French cardinal denies covering up for paedophile priest

Barbarin is accused along with five others from his diocese of helping cover up abuse in one of the parishes in the area

Lyon (AFP) - The most senior French Catholic cleric to stand trial over one of the paedophilia scandals that have rocked the church denied in court Monday covering up for a priest who abused boy scouts in the 1980s and 90s.

Cardinal Philippe Barbarin, archbishop of Lyon, southeastern France, is accused along with five others from his diocese of failing to report a priest under his responsibility to the authorities.

The 68-year-old bishop, a conservative who has made headlines with his blunt comments in the past, denied the allegations which are the most damaging yet against the church in France.

"I never sought to hide, much less cover up these horrible acts," Barbarin told the court in Lyon.  

"I don't see what I'm guilty of," he added.

The Catholic Church has been roiled in recent years by claims against priests which have come to light in the wake of a global move by victims to go public with evidence.

Clerics have been denounced in countries as far afield as Australia, Brazil, Chile, Ireland, and the United States, leading Pope Francis to promise to rid the church of a scourge that has done enormous damage to its standing.

On Monday, the pontiff promised that the children on whom priests preyed would receive justice for what he termed "the vilest and most heinous crimes imaginable".

Barbarin said he confronted the accused priest, Bernard Preynat, about the abuse "rumours" in 2010 but let the matter drop after Preynat insisted he had changed.

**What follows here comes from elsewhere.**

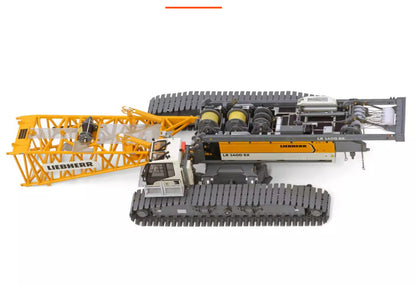 1:50 WSI LIEBHERR LR1400 SX Crawler Crane Construction Machine Diecast Model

In 2014, after meeting with one of the priest's victims, Barbarin contacted the Vatican about the affair but only removed the priest from his post a few months later after being told by the Holy See, he said, to delay awhile "to avoid a public scandal."

Barbarin has been accused of being deaf to the suffering of abuse victims before they went public.

He caused shock in 2016 by expressing relief that most of the claims over which Preynat was accused fell under the statute of limitations, meaning the abuse took too long ago for it to be investigated.

On Monday, he admitted that he had "not always used the best and most tactful words in the past".

He faces up to three years in prison and a fine of 45,000 euros ($54,000) if convicted of failing to report abuse of minors and failing to assist persons in danger.

'Stop same mistakes'

The scandal in Lyon first blew up in 2015 when former scout Francois Devaux went public with allegations that Preynat abused him as a child 25 years earlier.

Speaking shortly before the trial began Devaux said: "The goal is to stop the same mistakes being repeated."

Devaux filed an official complaint against Preynat in 2015 and against Barbarin the following year.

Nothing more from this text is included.